SUPPLIED RECORDS:
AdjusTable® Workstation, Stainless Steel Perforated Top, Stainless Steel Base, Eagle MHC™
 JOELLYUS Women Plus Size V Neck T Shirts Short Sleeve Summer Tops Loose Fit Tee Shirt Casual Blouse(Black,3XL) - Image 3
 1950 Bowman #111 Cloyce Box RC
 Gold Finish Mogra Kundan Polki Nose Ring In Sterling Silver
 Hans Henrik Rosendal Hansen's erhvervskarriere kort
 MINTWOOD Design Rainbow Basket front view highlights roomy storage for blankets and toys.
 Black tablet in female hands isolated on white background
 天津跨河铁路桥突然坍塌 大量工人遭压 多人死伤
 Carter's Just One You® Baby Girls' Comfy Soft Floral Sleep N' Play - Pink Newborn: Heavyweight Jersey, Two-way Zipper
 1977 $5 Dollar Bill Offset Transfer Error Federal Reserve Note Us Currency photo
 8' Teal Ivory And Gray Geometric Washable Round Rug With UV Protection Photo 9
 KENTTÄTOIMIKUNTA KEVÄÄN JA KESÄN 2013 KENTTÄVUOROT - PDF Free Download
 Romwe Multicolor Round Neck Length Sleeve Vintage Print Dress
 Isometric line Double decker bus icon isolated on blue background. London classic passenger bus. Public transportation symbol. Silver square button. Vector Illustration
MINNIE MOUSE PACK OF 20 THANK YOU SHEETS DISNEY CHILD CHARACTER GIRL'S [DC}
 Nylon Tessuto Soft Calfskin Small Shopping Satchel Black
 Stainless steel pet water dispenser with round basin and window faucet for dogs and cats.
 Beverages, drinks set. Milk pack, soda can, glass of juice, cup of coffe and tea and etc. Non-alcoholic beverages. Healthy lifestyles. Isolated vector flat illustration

WHAT THE TASK ASKS:
Exactly the lines running from the top of the records to the line that contains "Gold Finish Mogra", inclusive, must be set down, and nothing more.

EXERCISE ANSWER:
AdjusTable® Workstation, Stainless Steel Perforated Top, Stainless Steel Base, Eagle MHC™
 JOELLYUS Women Plus Size V Neck T Shirts Short Sleeve Summer Tops Loose Fit Tee Shirt Casual Blouse(Black,3XL) - Image 3
 1950 Bowman #111 Cloyce Box RC
 Gold Finish Mogra Kundan Polki Nose Ring In Sterling Silver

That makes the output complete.